Crowdinvesting podbija serca i umysły uczestników rynku, dość przypomnieć błyskawiczną sprzedaż akcji przez klub piłkarski Wisła Kraków, teraz pieniądze na nowy alkoholowy biznes zbiera Janusz Palikot, a i Giełda Papierów Wartościowych dostrzegła potencjał rynku, zapowiadając stworzenie własnej platformy. Właśnie ruszyła wasza platforma – Social.Estate. Jaka jest idea jej powołania?
Inspiracją byli dla nas inwestorzy instytucjonalni, którzy współpracowali z Petram House'em przy lokowaniu w nieruchomości handlowe. Takie obiekty z dużym potencjałem są pożądanymi aktywami poszukiwanymi do portfeli funduszy i większych inwestorów prywatnych, dysponujących kapitałem powyżej 10 mln zł. Takie nieruchomości, wynajęte sieciom spożywczym, cechują się bezpiecznymi parametrami, które zapewniają stały przepływ gotówki z najmu. Są jednak niedostępne dla drobnych inwestorów – bez takiej gotówki, ale też bez specjalistycznej wiedzy. Utworzenie platformy Social.Estate ma otworzyć rynek nieruchomości komercyjnych dysponujących nawet 10 tys. zł.

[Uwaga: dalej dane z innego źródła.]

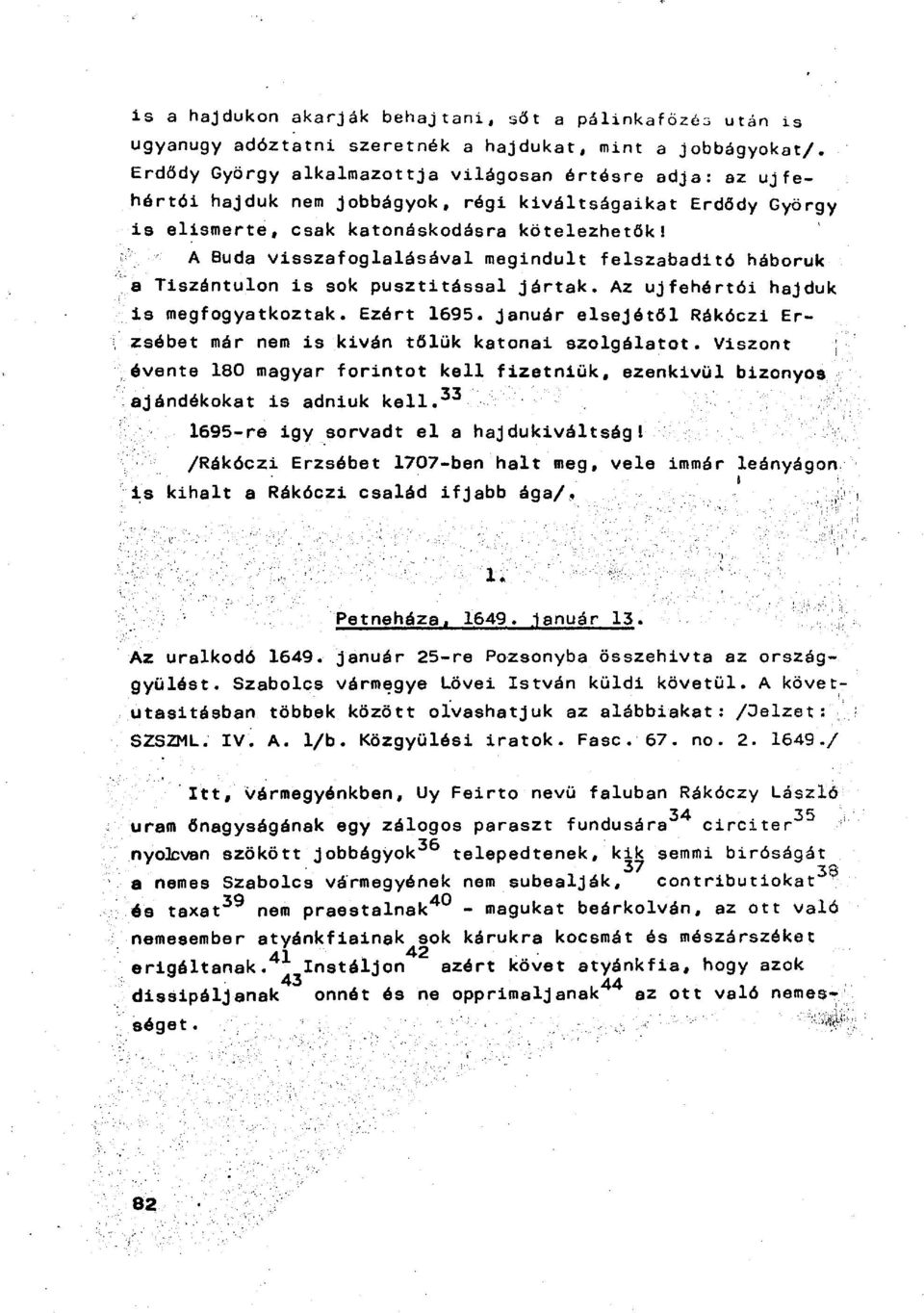 A Buda visszafoglalásával megindult felszabadító háborúk a Tiszántúlon is sok pusztítással jártak. Az ujfehértói hajdúk is megfogyatkoztak. Ezórt 1695.
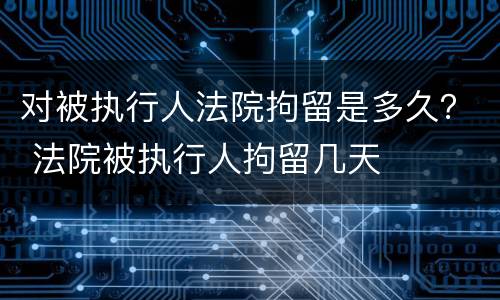 对被执行人法院拘留是多久？ 法院被执行人拘留几天
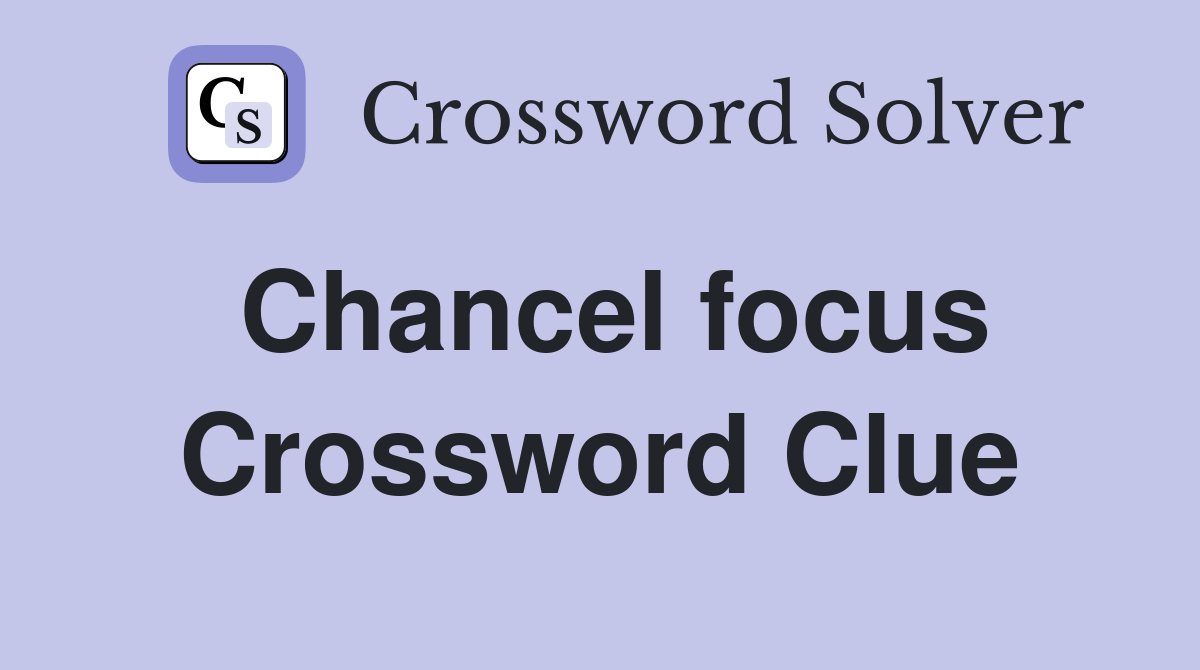 Chancel focus Crossword Clue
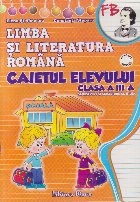 Limba Literatura Romana Caietul Elevului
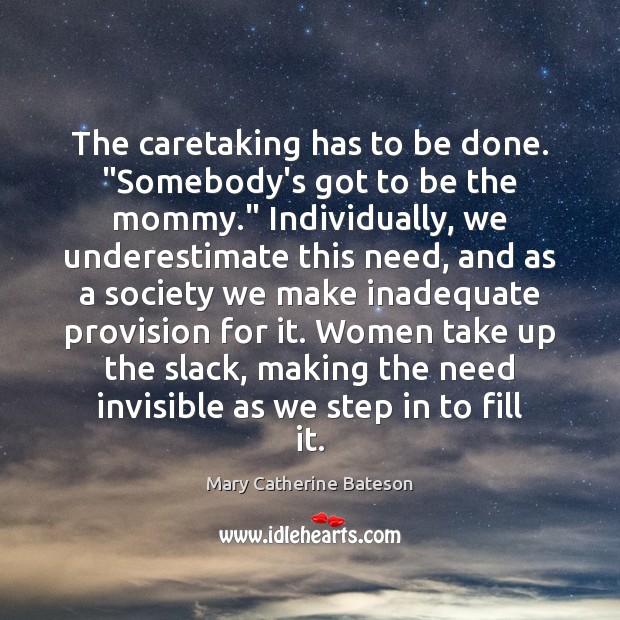 The caretaking has to be done. “Somebody’s got to be the mommy.” Mary Catherine Bateson Picture Quote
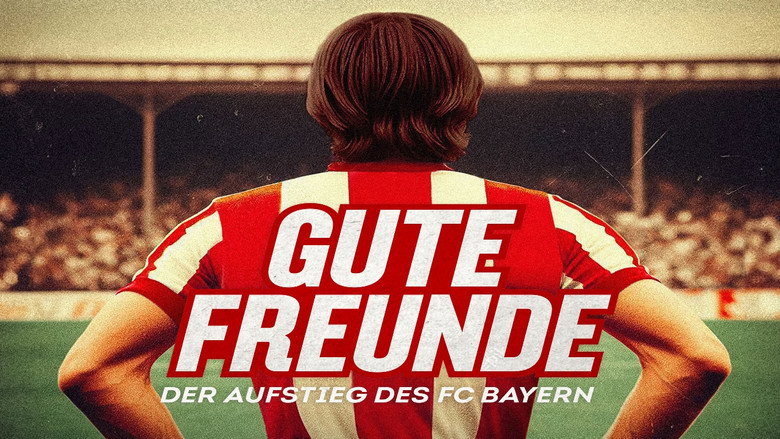 Bild aus der Serie Gute Freunde - Der Aufstieg des FC Bayern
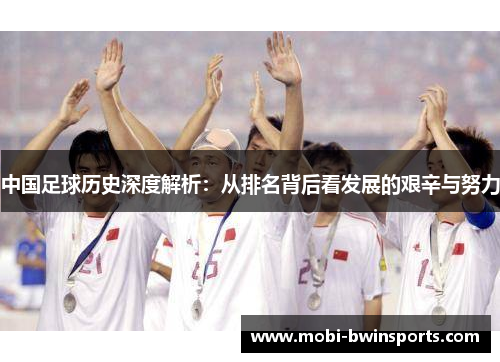 中国足球历史深度解析：从排名背后看发展的艰辛与努力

Pierwsza kampania crowdinvestingowa to jednak spółka Mzuri CFI Stolica, budująca portfel mieszkań na wynajem, który za kilka lat ma zostać spieniężony. Do tej pory inwestorzy kupili jednostki za ponad 2 mln zł z puli o wartości 3 mln zł...
Jesteśmy pozytywnie zaskoczeni tempem, pewnie wynika to z kilku powodów. Projektodawca, czyli Grupa Mzuri, działa na rynku od ponad 20 lat i budzi zaufanie. Od lat Mzuri tworzy spółki inwestowania zbiorowego, Mzuri CFI Stolica to pierwsza firma, do której wejść można wyłącznie za pośrednictwem platformy Social.Estate.